PETALING JAYA: As demand for jack-up drilling rigs locally expected to remain flattish in the near-term, Velesto Energy Bhd may have to look outside Malaysia to replenish its pipeline of jobs, says Kenanga Research.
“According to Petroliam Nasional Bhd (PETRONAS) latest activity outlook, the demand for jack-up drilling rigs locally is expected to remain flattish for the next two years. This does not augur well for Velesto in the local market. Hence, we believe it is crucial for Velesto to raise its game outside of Malaysia to reduce its dependence on local PETRONAS jobs,” added the research firm.
Velesto provides drilling and oilfield services for the upstream sector of the oil and gas industry. Kenanga Research noted that the group’s first half of financial year 2022 (1H22) core net loss of RM89mil had already exceeded its full-year net loss forecast of RM63mil and the consensus of RM11mil. The variance against its forecast came largely from poor rig utilisation and elevated operating expenses.,
However, the research firm said 1H22 core net loss did narrow by 34% from a year ago thanks to an improved rig utilisation of 40% versus 33% previously.
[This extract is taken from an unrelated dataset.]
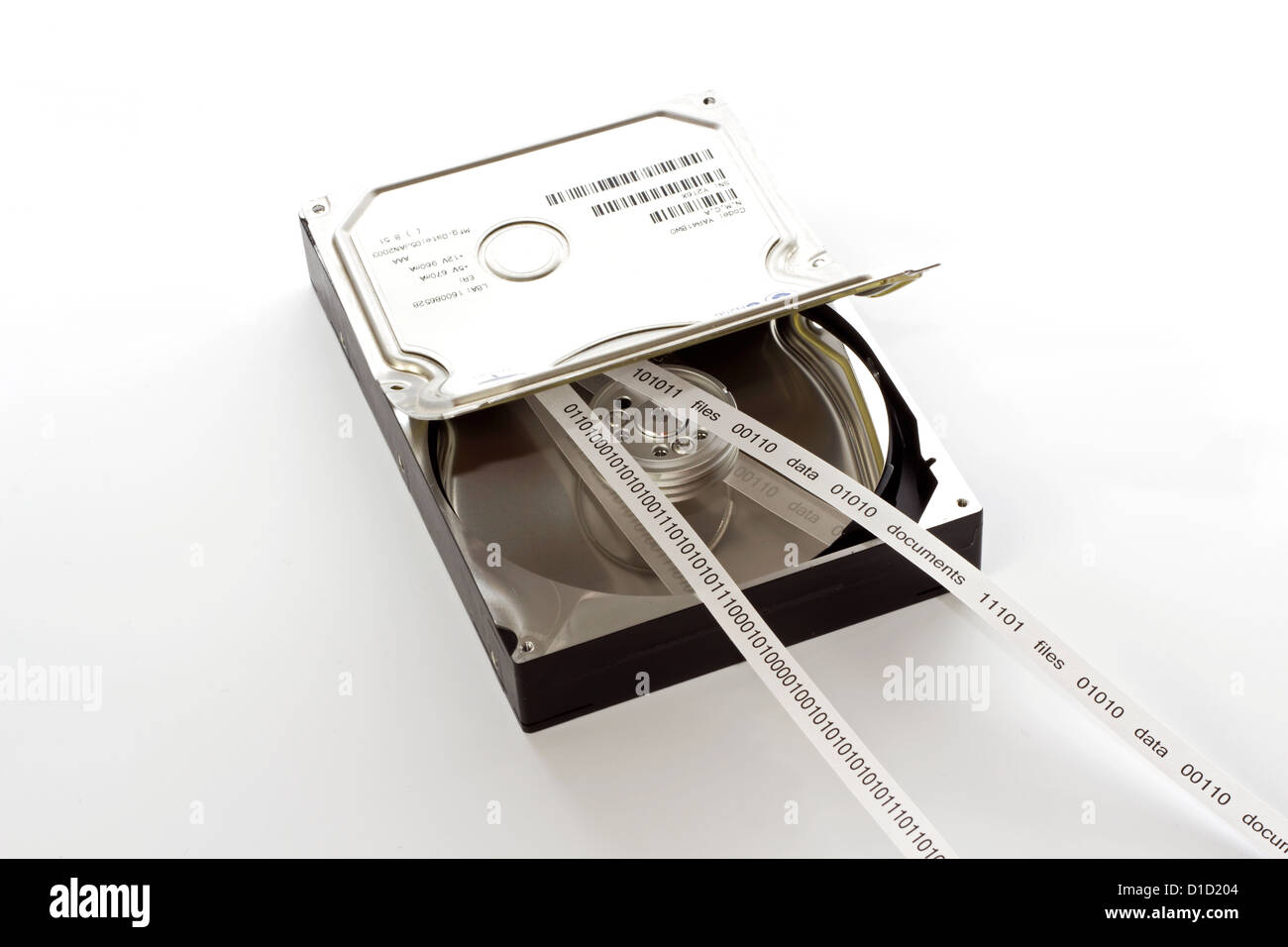 Disque dur et semi-ouverte et une bande avec le contenu du disque, Banque D'Images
Also helping, was a lower finance cost after it pared down its debts significantly with insurance claims from the Naga 7 rig. UOB Kay Hian (UOBKH) Research said Velesto’s balance sheet can weather challenges for at least one year.
“Cash dipped quarter-on-quarter (q-o-q) from RM296mil to RM230mil, but still well within its debt service coverage ratio limits. Velesto continued to focus on paring down loans at RM573mil, with loan repayments up to RM83mil made in 1HFY22.
“Capex also surged from RM9mil to RM60mil q-o-q for the offline capability installation of two rigs,” it said. UOBKH Research said it expects a stronger second half performance from the group based on its unchanged 2022 utilisation of 59%.